# TOLEDO, OH: "Thor" FREE TO GOOD HOME



## raysmom (May 22, 2004)

*THIS IS A CROSSPOST FROM CRAIGSLIST. I DO NOT HAVE ANY FURTHER INFORMATION ABOUT THIS DOG. THE MAN'S NAME AND PHONE NUMBER WERE PUBLISHED IN THE CRAIGSLIST POST:*

Free German Shepherd to good home. He was found on the streets around three months ago, I took him in till i can find a good home for him. I named \him Thor, he is a very hyper dog that requires a lot of room or someone with time to run him a few miles each day. He is a very loving dog but does need some work. he is potty trained. If interested please contact Bill Thieman at 567 868 904 thank you.


----------



## Furricane (Feb 18, 2010)

Aw he's handsome!! :wub:


----------



## raysmom (May 22, 2004)

I just noticed there is a number missing from the phone number.

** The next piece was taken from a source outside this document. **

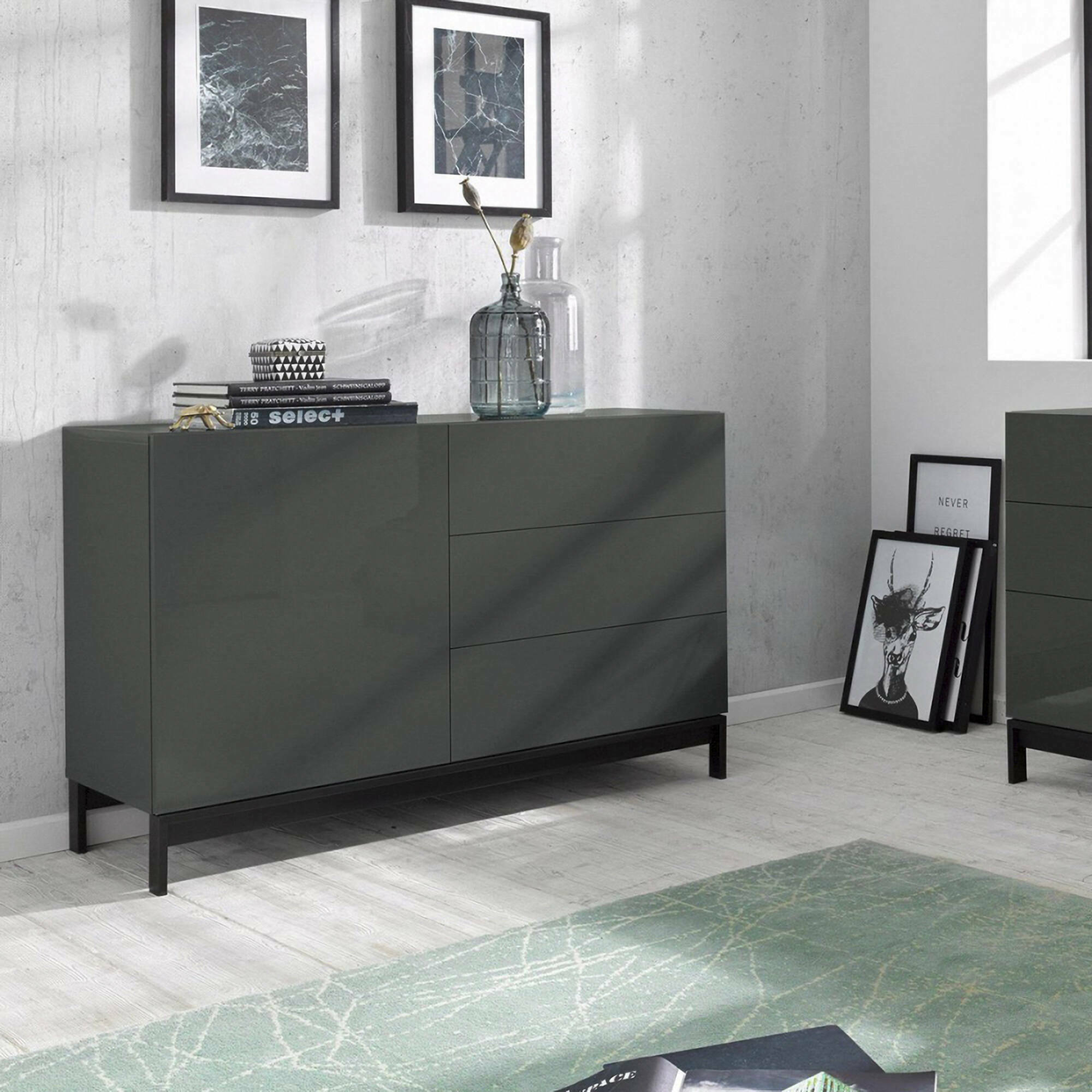 foto del prodotto credenza moderna a 1 anta e 3 adana, made in italy, madia da cucina, buffet di design da soggiorno, con piedini, cm 110x40h47, antracite lucido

Here is a link to the Craigslist post:

http://toledo.craigslist.org/pet/3134915245.html


----------



## DiezelnSamson (Sep 18, 2012)

The post was deleted off Craigslist.  I was too late!


----------



## raysmom (May 22, 2004)

Here's another one on Craigslist - they're asking a $150 rehoming fee:

German Shepherd


----------



## raysmom (May 22, 2004)

Apparently the new ad was also flagged for removal from Craigslist - hopefully he finds a good home - he looked like a nice dog.


----------